Information provided Start Marker

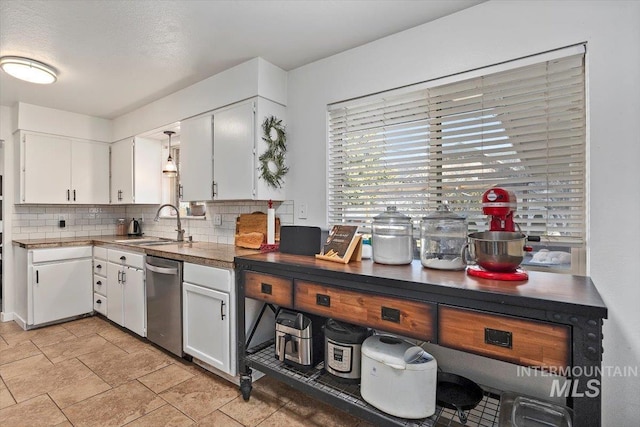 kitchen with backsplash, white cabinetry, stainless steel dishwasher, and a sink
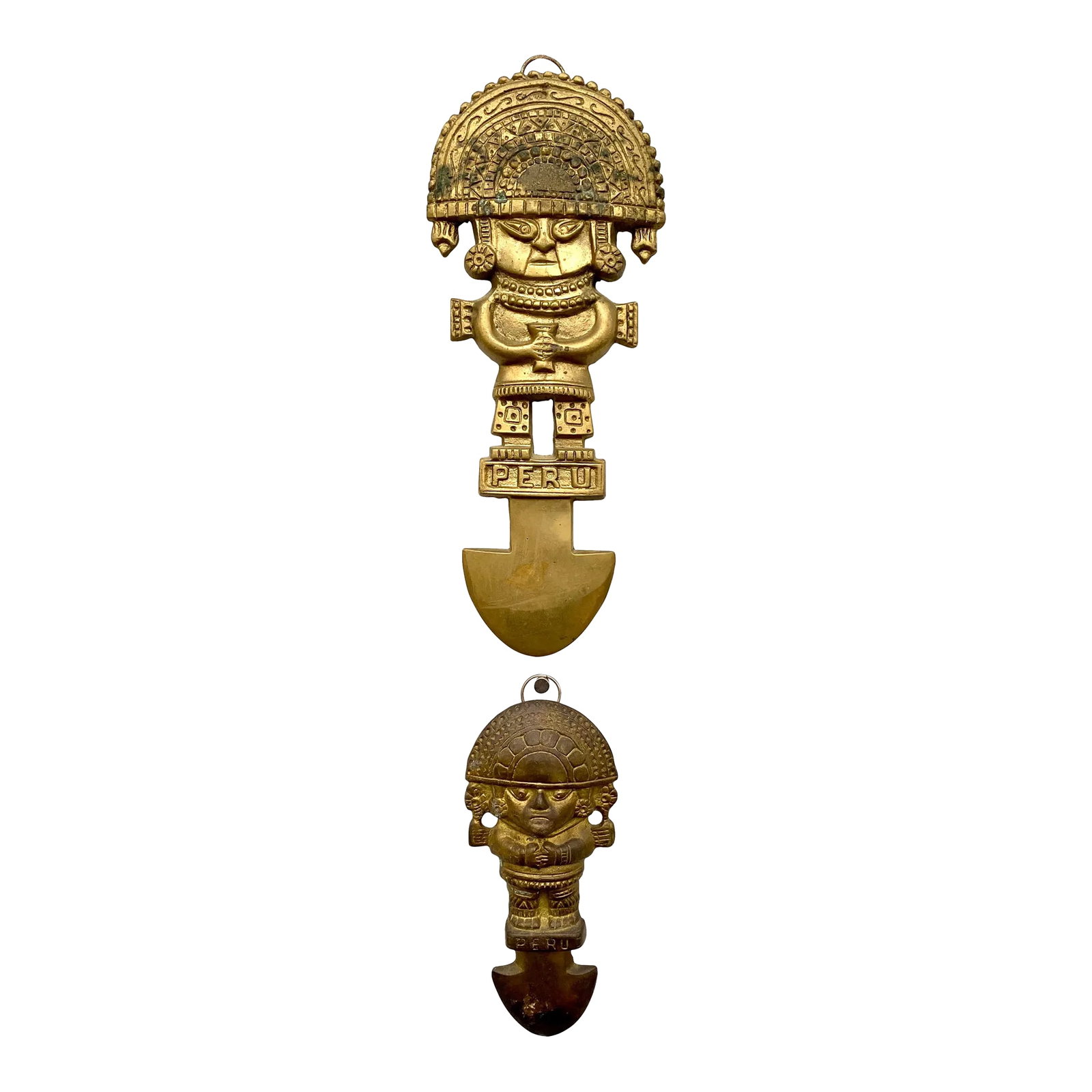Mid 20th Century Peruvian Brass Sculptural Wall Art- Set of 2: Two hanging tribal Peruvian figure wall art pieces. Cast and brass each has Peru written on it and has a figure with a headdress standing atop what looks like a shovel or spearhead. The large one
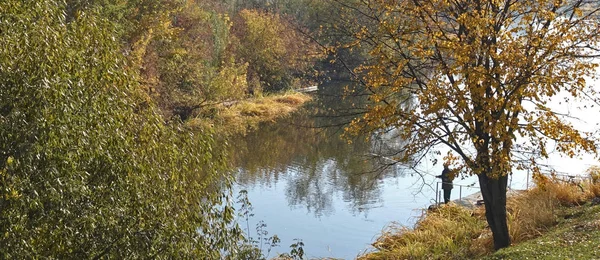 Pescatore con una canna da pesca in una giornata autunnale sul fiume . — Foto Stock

Information provided End Marker

Repeat word for word the lines from the one holding "Mid 20th Century" through the last line of the listing above, including both ends. Drop the pictures.

:: Written reply ::
Mid 20th Century Peruvian Brass Sculptural Wall Art- Set of 2: Two hanging tribal Peruvian figure wall art pieces. Cast and brass each has Peru written on it and has a figure with a headdress standing atop what looks like a shovel or spearhead. The large one
 Pescatore con una canna da pesca in una giornata autunnale sul fiume . — Foto Stock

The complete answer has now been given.